(Web page caption snippets)
_ _ _ _

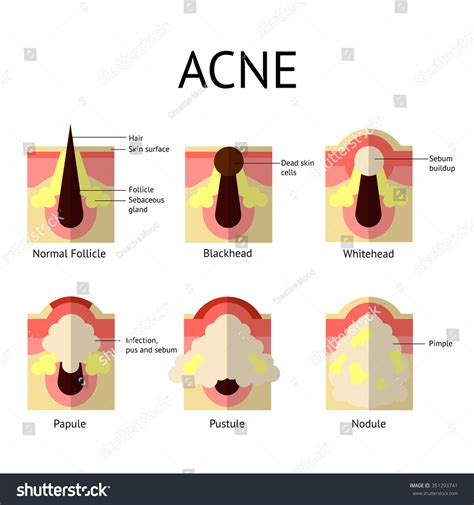 Types Of Acne Pimples. Healthy Skin, Whiteheads And Blackheads, Papules And Pustules In Flat ...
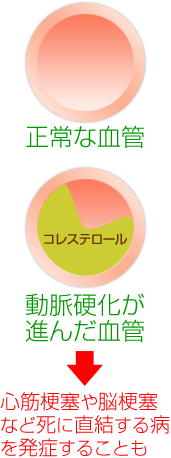 正常な血管と動脈硬化が進んだ血管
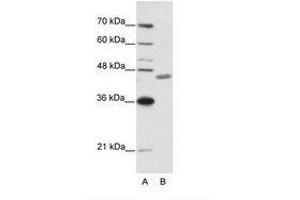 Image no. 1 for anti-Zinc Finger Protein 396 (ZNF396) (N-Term) antibody (ABIN6736192) (ZNF396 anticorps  (N-Term))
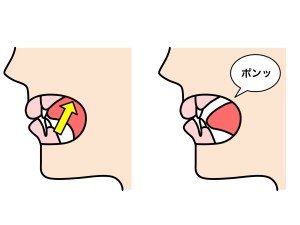 口腔筋機能療法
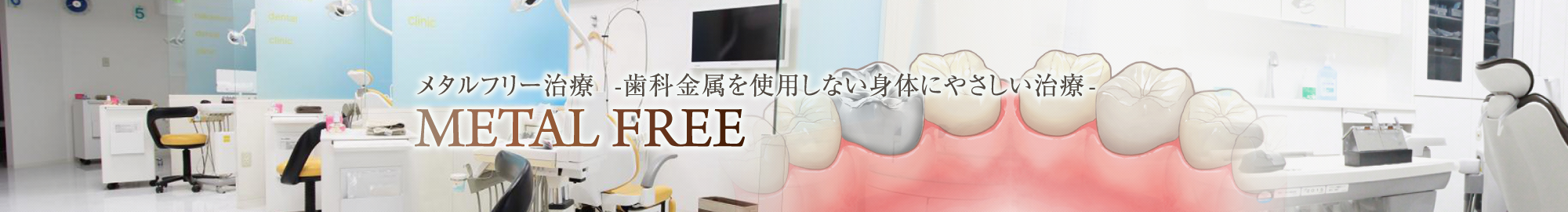 メタルフリー治療 -歯科金属を使用しない身体にやさしい治療-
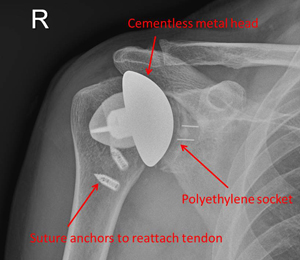 stemless head replacement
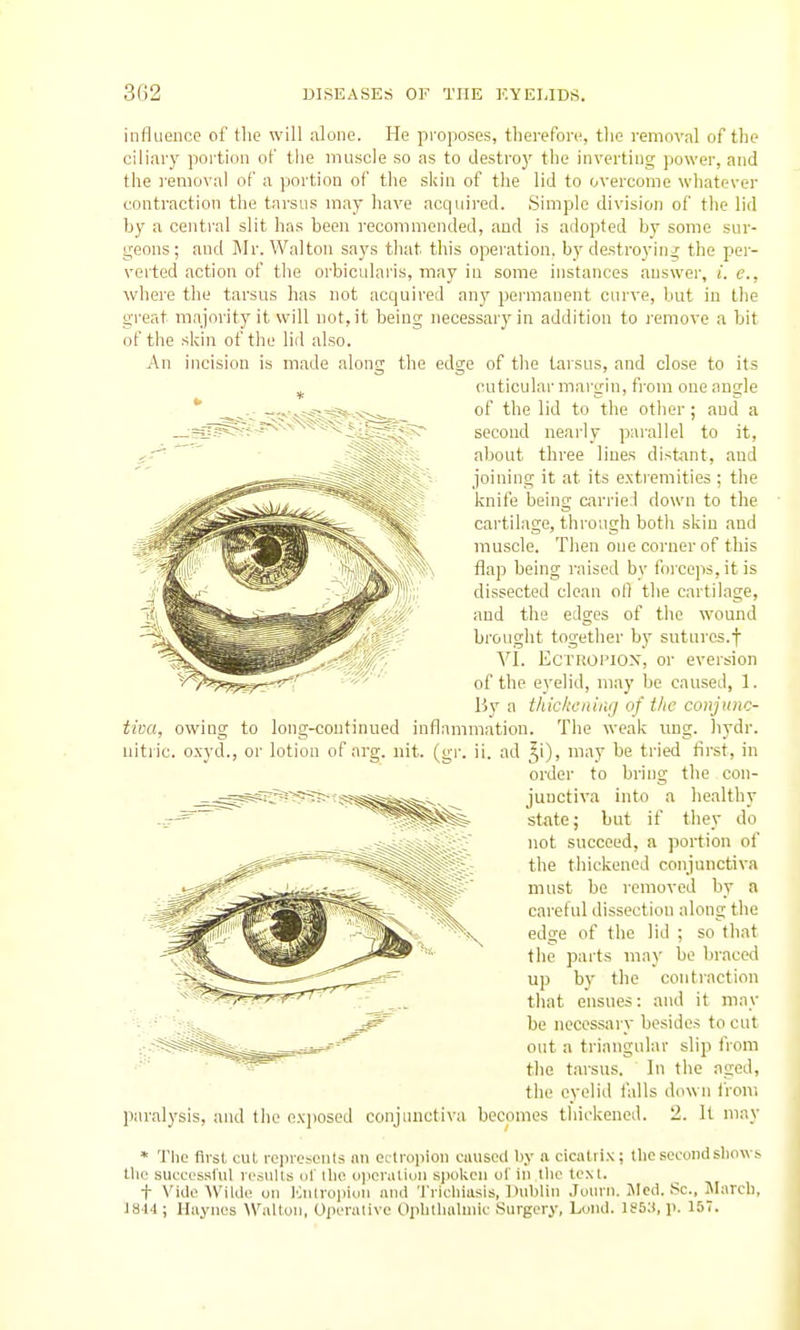 influence of the will alone. He proposes, tberefoiv, tlio removal of the ciliary portion of the muscle so as to destroy the inverting power, and the i-emoval of a portion of the skin of the lid to overcome whatever contraction the tarsus may have acquired. Simple division of the lid by a central slit has been recommended, and is adopted by some sur- geons; and ]\Ir. Walton says that this operation, by destroying the per- verted action of the orbicularis, may in some instances answer, i. c, where the tarsus has not acquired any pei'manent curve, but in the great majority it will not, it being necessar3Mn addition to I'emove a bit of the skin of the lid also. An incision is made along the edge of the tarsus, and close to its cuticular margin, from one angle of the lid to the other; and a second nearly parallel to it, about three lines distant, and joining it at its extremities ; the knife being carried down to the cartilage, through both skin and muscle. Then one corner of this flap being raised by foi'ceps, it is dissected clean oO the cartilage, and the edges of the wound brought together by sutures.f VI. EcTROPiox, or eversion of the eyelid, may be caused, 1. By a tliiclicaiiiij of tlic conjunc- tiva, owing to long-continued inflammation. The weak ung. liydr. nitric, oxyd., or lotion of arg. nit. (gr. ii. ad ^i), may be tried first, in order to bring the con- junctiva into a healthy state; but if they do not succeed, a portion of the thickened conjunctiva must be removed by a careful dissection along the edge of the lid ; so that the parts may be braced up by the contraction that ensues: and it may be necessary besides to cut out a triangular slip from the tarsus. In the aged, the eyelid i'alls down from paralysis, and tlie ex))Osed conjunctiva becomes thickened. 2. It may * The first cut represents nn eclropion ciuisod by a cicatrix; the second sliows tlie successful resulls ot llie ojievatiuii spoken ol' in tlic text. t Vide Willie on lOnlropion and Tricliiasis, iniblin Jourri. Jlcd. Sc., JIarcli, iai4 ; Hiiynes Wiiltou, Operalive Opbtluilunc LSurgcry, Loud. 185:i, p. 157.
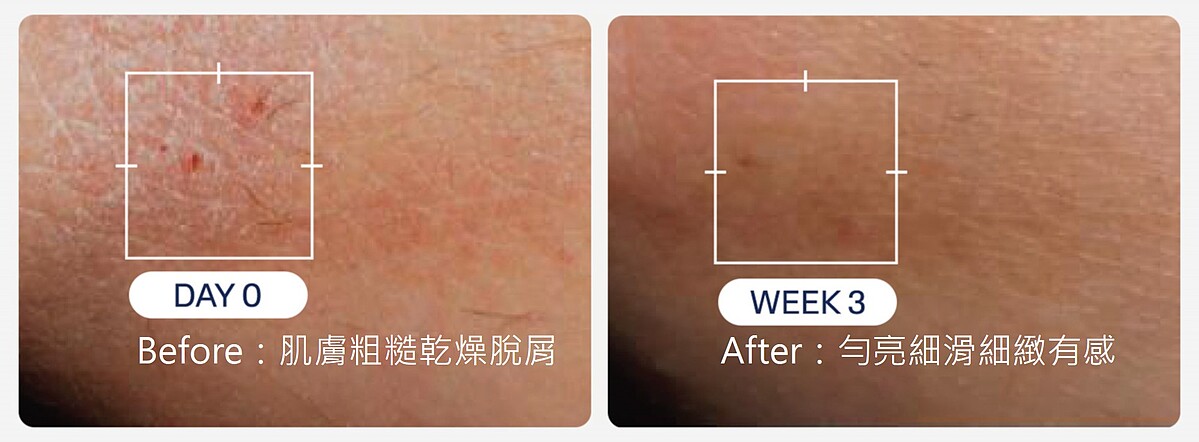 临床实证：100%降低乾燥脱屑**，三週重现健康肌肤***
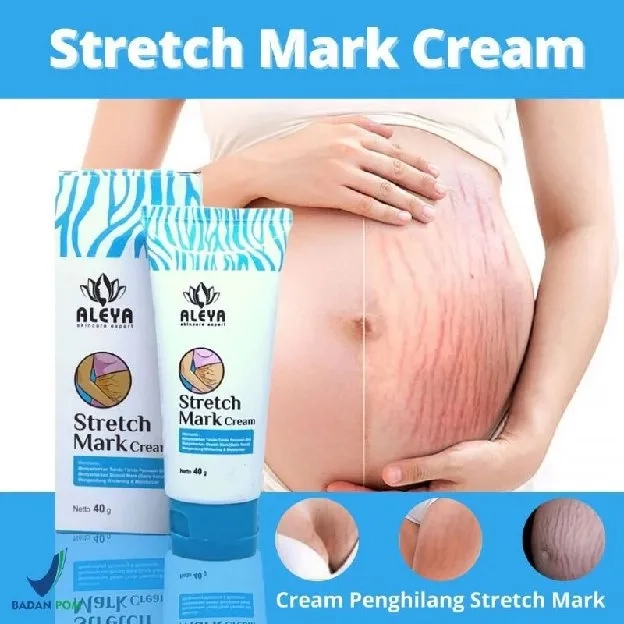 Aleya Strech Mark Cream | Cream Penghilang Bekas Luka Bekas Strech Mark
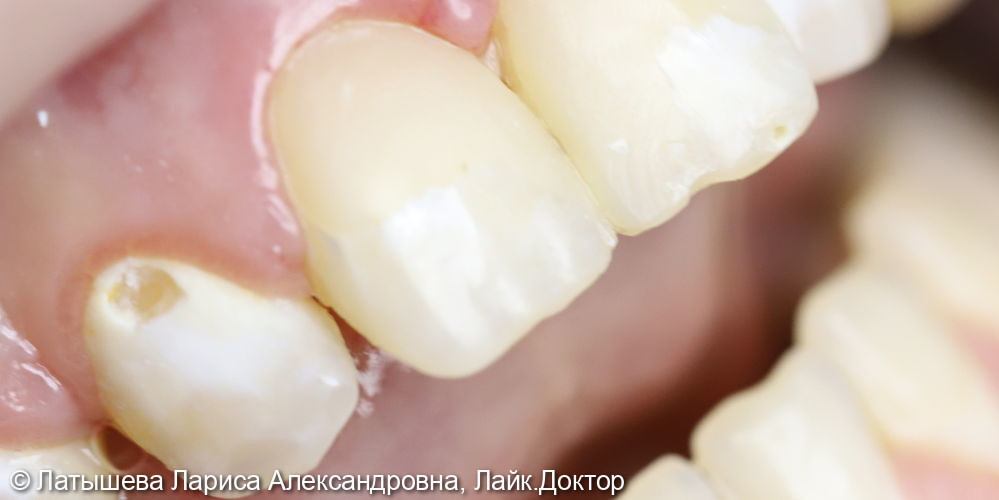 Лечение зуба 1.2. Пришеечный кариес с деминерализацией эмали на вестибулярной поверхности - фото №1
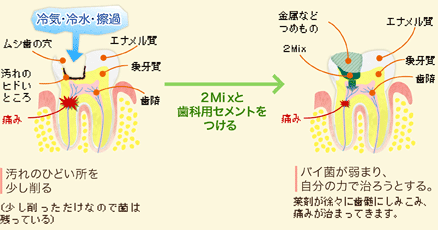 ２Ｍｉｘ法について
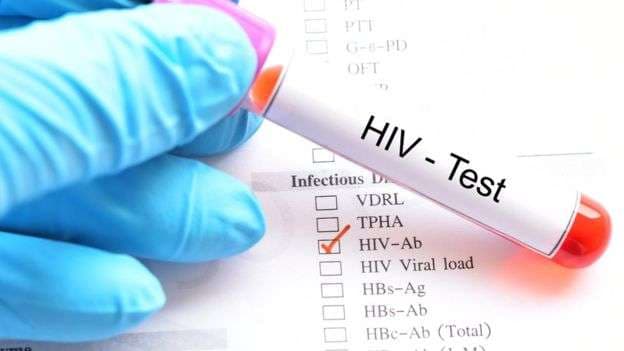 Studim: Transmetimi i HIV tek homoseksualët që përdorin ilaçe është zero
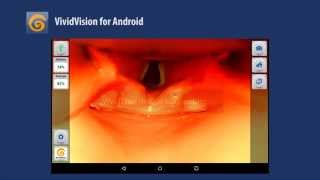 Overview of the VividVision application for Android screenshot 3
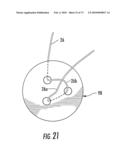 BARIATRIC DEVICE AND METHOD diagram and image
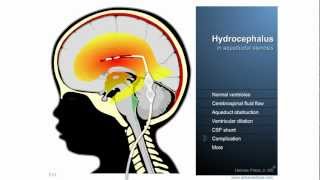 Hydrocephalus  Definition treatment and complications [upl. by Yanahs819]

_ _ _ _

_Problem details_: Your answer should be the exact lines above from the one containing "正常な血管と動脈硬化が進んだ血管" through the one containing "stemless head replacement", with both end lines kept and the pictures removed, please.

_Task solution_:
 正常な血管と動脈硬化が進んだ血管
 Image no. 1 for anti-Zinc Finger Protein 396 (ZNF396) (N-Term) antibody (ABIN6736192) (ZNF396 anticorps  (N-Term))
 口腔筋機能療法
 メタルフリー治療 -歯科金属を使用しない身体にやさしい治療-
 stemless head replacement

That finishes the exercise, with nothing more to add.